Blood collection and analysis
Fasting venous blood samples were collected from all participants at baseline, 6-weeks, and 12-weeks. Fasting was maintained for 12 h, and blood samples were collected on the following day. Enough sleep and the radical movement as much as possible to refrain. All samples were taken at 0830 AM from an antecubital vein. Serum samples were obtained after centrifugation and stored at -80°C. Serum levels of leptin and adiponectin were measured using enzyme-linked immunosorbent assay Dueset kits (R&D systems, Minneapolis, MN, USA) according to the manufacturer's instructions, as described previously.
Resistance exercise programs were used following experiments performed by Gurudut and Rajan with slight , modifications to fit the purpose of our experiment. The goal of the resistance exercise intervention was to burn 230~260kcal with moderate intensity exercise 60 min per day, 3 days per week for 12 weeks. At the beginning of each session, there was a 10 min of warm-up. It was followed by 40 min of the main part of the exercise with specific content and 10 min of cool-down. Warm-up exercises included 5 minutes of stretching, and 5 minutes of power walking at 50% intensity of the maximal heart rate reserve. Among resistance exercises, moderate intensity exercise was defined as circuit exercise at 55~65% intensity of 1 RM, 12 times of repeat, and 3 sets. The rest period between each category was 30 seconds. The rest period between sets was 1 minute in total resistance exercise time of 60 min. All exercise groups were given a polar (heart rate monitor; M400, Kempele, Finland), a portable exercise intensity setting device, for 60 minutes. Measurement of 1RM was calculated using formula of Brzycki: 1RM = Lifted weight (lb) / (1.0278 - repetitions×0.0278). All exercises were performed by re-measuring 1RM every two weeks .

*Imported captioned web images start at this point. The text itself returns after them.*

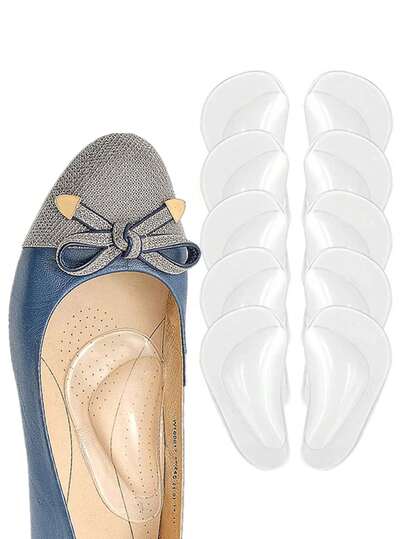 1-5 Pairs Self-Adhesive Silicone Forefoot Pads, Arch Support Half Insoles, Anti-Slip Cushions For Men & Women, Prevent Friction, Relieve Foot Fatigue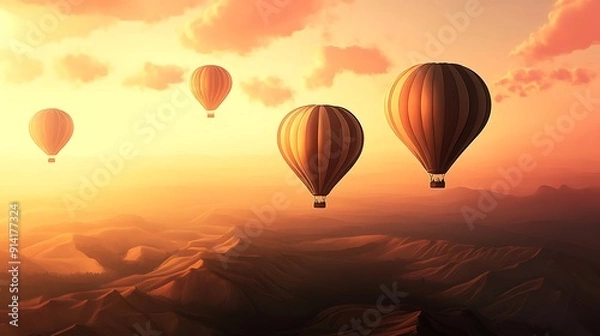 Fototapeta Joyful Hot Air Balloons Ascending in a Colorful Illustration of Adventure and Freedom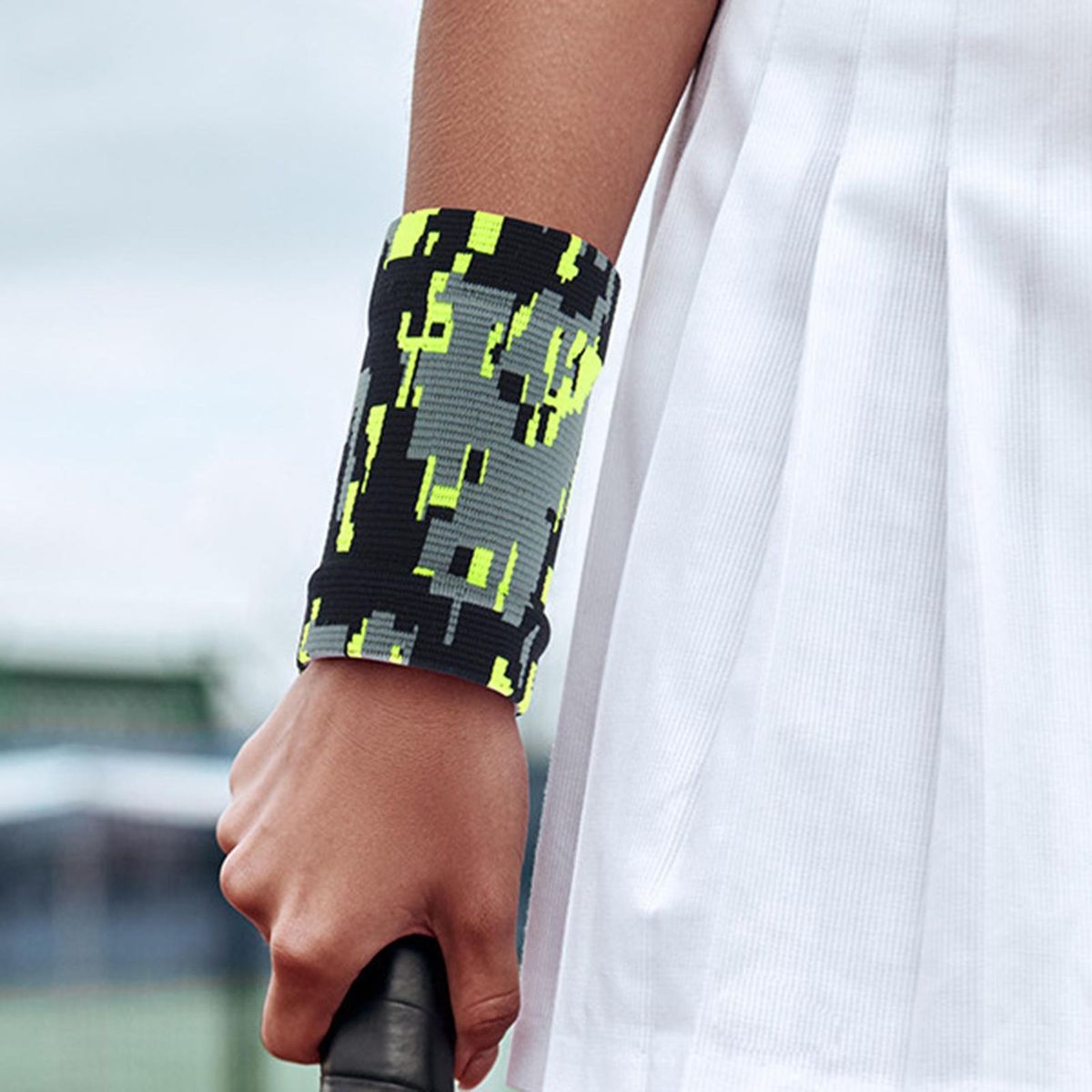 1Pc Wrist Guard Badminton Tennis Athletic Wristband Grey Green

In addition, dietitians and exercise physiologists met regularly with a clinical health psychologist experienced in lifestyle behavior change to discuss participant progress and refine behavior modification goals according to each participant’s needs. Nutritional education, self-management exercise, and behavior change techniques were provided. Furthermore, telephone consultations were scheduled biweekly for monitoring and motivation.
Data were analyzed using the SPSS 22.0 for Windows computer software package. Data were expressed as mean ± SD. All the data were tested for their normal distribution using Shapiro-Wilk test. For the two groups (PRM vs. POM) by three stages (baseline, 6 weeks, and 12 weeks), two-way within-subject factor ANOVA was used to examine whether exercise type and time. Bonferroni test was used for post-hoc analysis. A comparison of adipose tissue expression between the groups before and after 12 weeks was analyzed by two-way ANOVA. The main analysis of interest was the analysis of variance interaction term, which compares the change over time between the groups. Statistical significance was accepted at the 0.05 level.